• [WHAT THE TASK ASKS]: The whole listing below is to be copied exactly, with every picture left out.

• [COLLECTED MATERIAL]:
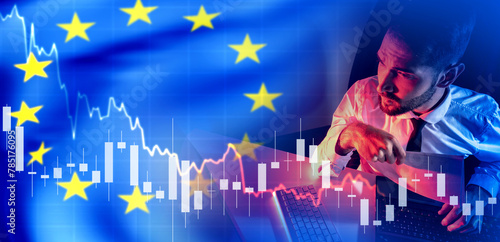 Man investor from EU. Financial trader with European union flag. Crisis chart. Fall in EU GDP. Analyst predicts crisis. Declining profits of European companies. Recession crisis in EU.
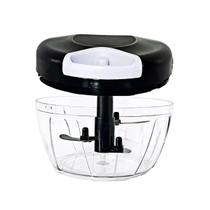 Mini Processador 500Ml Manual 3 Lâminas Inox Preto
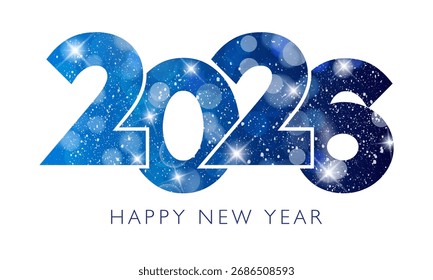 Feliz año Nuevo 2026 diseño de texto. Ilustración vectorial.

• [TASK RESPONSE]:
 Man investor from EU. Financial trader with European union flag. Crisis chart. Fall in EU GDP. Analyst predicts crisis. Declining profits of European companies. Recession crisis in EU.
 Mini Processador 500Ml Manual 3 Lâminas Inox Preto
 Feliz año Nuevo 2026 diseño de texto. Ilustración vectorial.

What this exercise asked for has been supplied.